Die Schritte, dieses hochautomatisierte Fahren – in den fünf Stufen des automatisierten Verkehrs Level 3 entsprechend – in weitere Fahrzeugklassen sowie untergeordnete Straßen mit „Mischverkehr“ zu bringen, sind nur konsequent.

Höchste Zeit, dass der Gesetzgeber den nötigen Rahmen fürs autonome Fahren setzt. Ein entsprechender Entwurf existiert bereits. Am Montag, 3. Mai 2021, will der Ausschuss für Verkehr und digitale Infrastruktur des Bundestages hierzu Experten anhören.

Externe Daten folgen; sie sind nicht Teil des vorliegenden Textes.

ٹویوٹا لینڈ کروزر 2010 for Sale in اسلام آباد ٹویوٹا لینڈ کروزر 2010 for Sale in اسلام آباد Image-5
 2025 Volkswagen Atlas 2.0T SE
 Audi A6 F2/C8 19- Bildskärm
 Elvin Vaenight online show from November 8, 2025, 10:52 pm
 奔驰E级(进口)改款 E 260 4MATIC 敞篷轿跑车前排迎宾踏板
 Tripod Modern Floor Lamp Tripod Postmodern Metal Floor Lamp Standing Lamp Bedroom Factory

Sensoren können Fußgänger und Radfahrer erkennen

Auf technischer Seite sind die Fahrzeuge schon weit entwickelt, verschiedenste Sensoren wie optische Kameras und Radargeräte können die Umgebung gut beobachten und Fußgänger oder Radfahrer erkennen. „Bei schlechter Sicht durch Nebel oder Schneebedeckung kann es aber immer noch Probleme geben“, sagt Maximilian Geißlinger, Gruppenleiter Intelligent Vehicle Systems an der TU München. Hier sei weitere Entwicklungsarbeit nötig.

Ein weiteres Forschungsthema sind Algorithmen der Künstlichen Intelligenz. Sie arbeitet nicht regelbasiert wie bei herkömmlicher Programmierung nach dem Prinzip: Wenn Ereignis X eintritt, starte Aktion Y. 

„Sie lernt datenbasiert und das sehr schnell und gut“, sagt Geißlinger. Allerdings sei nicht in jedem Fall klar, wie sie Entscheidungen treffe. „Die Frage ist, ob sie in extremen Situationen, auf die sie nicht trainiert wurde, immer noch so reagiert wie ich es erwarte.“

Die Kommunen sind für den ÖPNV sehr an der autonomen Mobilität interessiert, weil es die Verkehrswende beschleunigen könnte.
Die Kommunen sind für den ÖPNV sehr an der autonomen Mobilität interessiert, weil es die Verkehrswende beschleunigen könnte.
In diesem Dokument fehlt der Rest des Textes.